WHAT IS EXPECTED: Repeat each entry below exactly, omitting any picture it holds.

DATA PROVIDED:
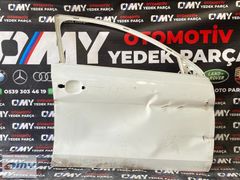 VOLKSWAGEN JETTA SAĞ ÖN KAPI OMY OTO'DAN
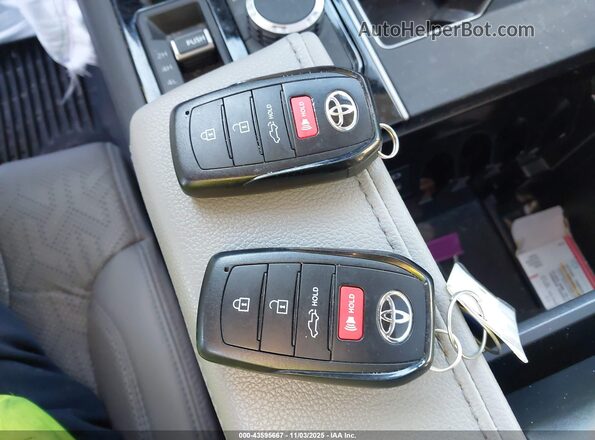 5TFJC5DB7RX049883 2024 TOYOTA LIMITED Dark Blue Vista del salpicadero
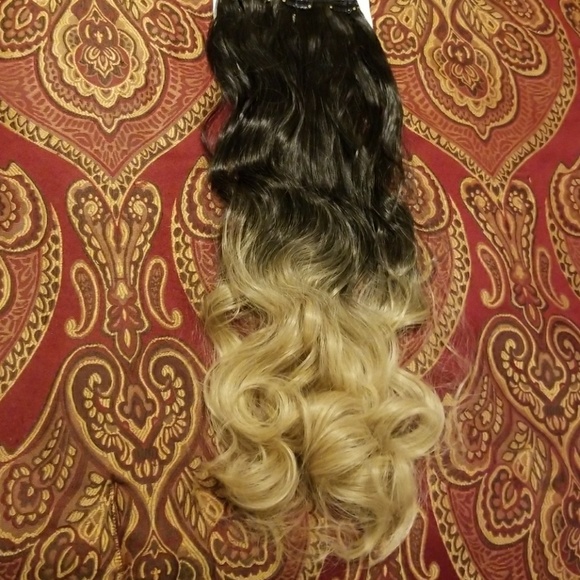 Ombre Blonde Full Head Clip in Extension main image 6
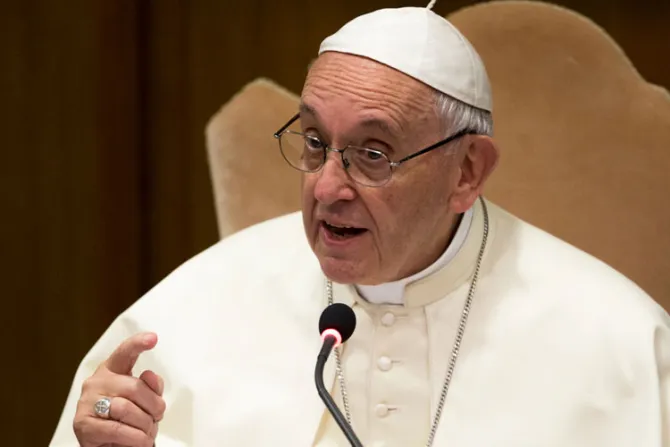 Seguir a Cristo significa dar la vida para salvar almas, afirma el Papa Francisco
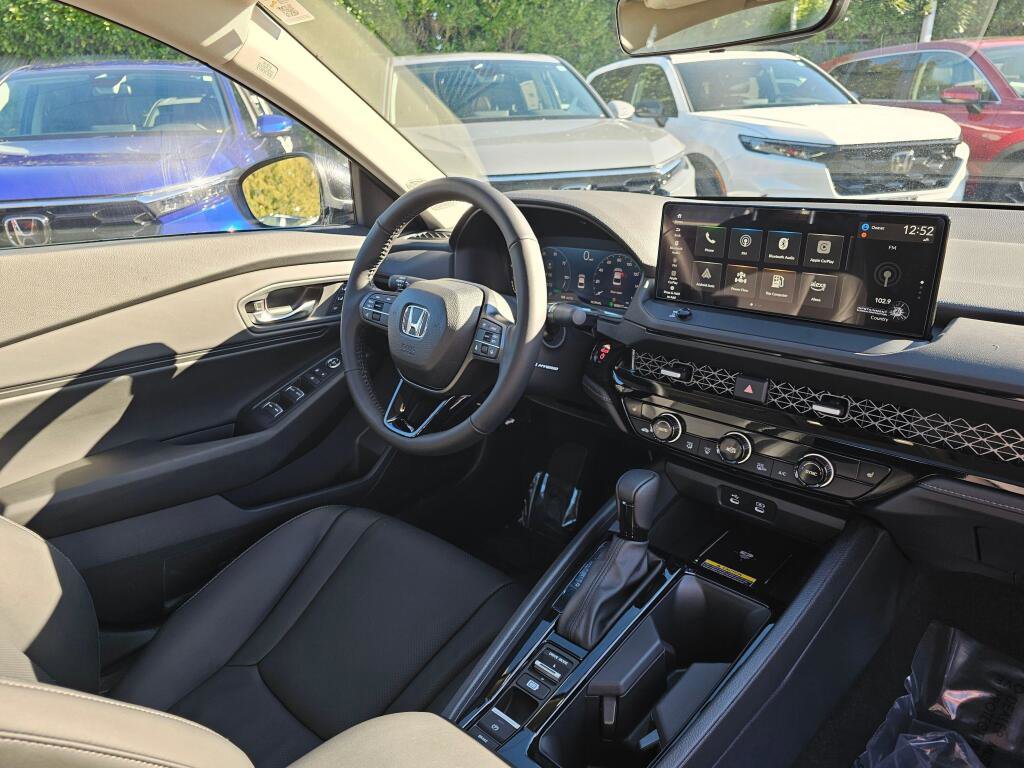 New 2025 Honda Accord EX-L image 11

ANSWER SPACE:
 VOLKSWAGEN JETTA SAĞ ÖN KAPI OMY OTO'DAN
 5TFJC5DB7RX049883 2024 TOYOTA LIMITED Dark Blue Vista del salpicadero
 Ombre Blonde Full Head Clip in Extension main image 6
 Seguir a Cristo significa dar la vida para salvar almas, afirma el Papa Francisco
 New 2025 Honda Accord EX-L image 11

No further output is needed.